秦沐河坐在马车上,紧蹙眉头,闭目沉思,琮渊此番前去,凶险万分,如何是好?
似是感受到主子神色不愉,如影和随形一路都不曾开口,马车逼仄,秦沐河愈觉心中气闷,令道:“停车!”
如影勒紧马绳,回首问道:“公子,怎地了?”
秦沐河神色不耐,“无事,今日想走走,尔等先行回府罢,莫跟。”
如影和随形小心觑了主子一眼,应道:“是!”随形又不放心地添了一句,“公子多加小心。”两人才驾车离去。
秦沐河从马车下来,环视四周皆是商贩百姓,甚为热闹。平日他是不爱逛的,今日心情不佳,倒也发觉这日日所经的寻常巷陌亦自有一番天地。
秦沐河行至卖簪的摊子前,一根素簪映入眼帘,其全身通透,雕的是梅花,外状素雅,煞是喜人。
小贩感到秦沐河的目光自知生意上门,和气笑道:“公子气度非凡,不知可有中意之人?这梅花簪是某前几日新进的货,不瞒公子,这簪实为送礼的佳选。”
秦沐河笑笑,举手投足尽是优雅:“某确有心仪之人,三日后便是其生辰,生辰之礼某亦思虑已久。”

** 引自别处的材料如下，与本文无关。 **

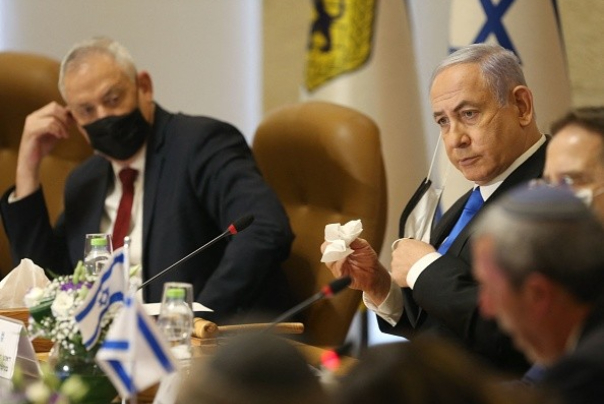 גנץ: תקיפה נגד איראן תוביל למלחמה אזורית, ונתניהו חייב להקשיב לצבא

小贩一听有戏,兴致愈高:“那这簪子公子更要收入囊中哪!王都女子现行都戴这个,公子若送予佳人,自然再好不过。”
“如此。”秦沐河颔首,“那就烦请先生包好罢。”又笑道:“不知此簪要多少银子?”
小贩伸出两根手指道:“二两!”
秦沐河忍俊不禁,“先生可是欺鄙人见识薄浅?想必先生做惯了生意,胡话也一并说了出来。实不相瞒,鄙人府上前几日方才买进一根金簪,制作精美,其上雕的是凤鸟,栩栩如生,也不过二两,这支素簪先生却说二两,不是诓某么?”
小贩脸一阵红一阵白,干笑几声,这公子看着风流倜傥,身着非凡,应是非富即贵之人,却不曾想倒也是个行家,遂问道:“公子意下如何?”
秦沐河笑道:“半两,先生以为如何?”
小贩苦了脸,半两方是进价,半两卖予他这还赚甚么?小贩想再重新喊价,瞧见秦沐河似笑非笑的神情,话到了嘴边又咽了下去。罢了罢了,这公子身份不俗,谁知晓他的来历,万一不经意惹恼了他,自个儿可就闯大祸了,一个玉簪而已,就当是为自个儿买个安心罢。
小贩苦笑道:“公子倒是识货的,半两就卖予尔罢。”
“如此,多谢了!”秦沐河微微颔首,付了银两,极满意地摆弄了梅花簪,妥帖收好,向一脸不情愿的小贩道谢之后,离开了。
秦沐河又行了几处商铺,未看上甚为满意之物,正打算回府,还未迈步,清晰听见自巷尾发处的一声“救命”,是女音。
秦沐河神色一凝,一跃而上,移至巷尾,瞧见几位壮汉围在角落对两位姑娘欲行不轨之事。
秦沐河轻皱眉头,天子脚下,朗朗乾坤,竟有这等肆无忌惮之人,正好许久未松筋骨了,今日就暂且练练手。
“光天化日之下,尔等竟做如此下作之事!”秦沐河喝道。
几位壮汉听见有外人,停下手中动作,对视一眼,露出猥琐的笑容,“这位公子也想尝尝么?”未等秦沐河回应,就赤手空拳冲了过去。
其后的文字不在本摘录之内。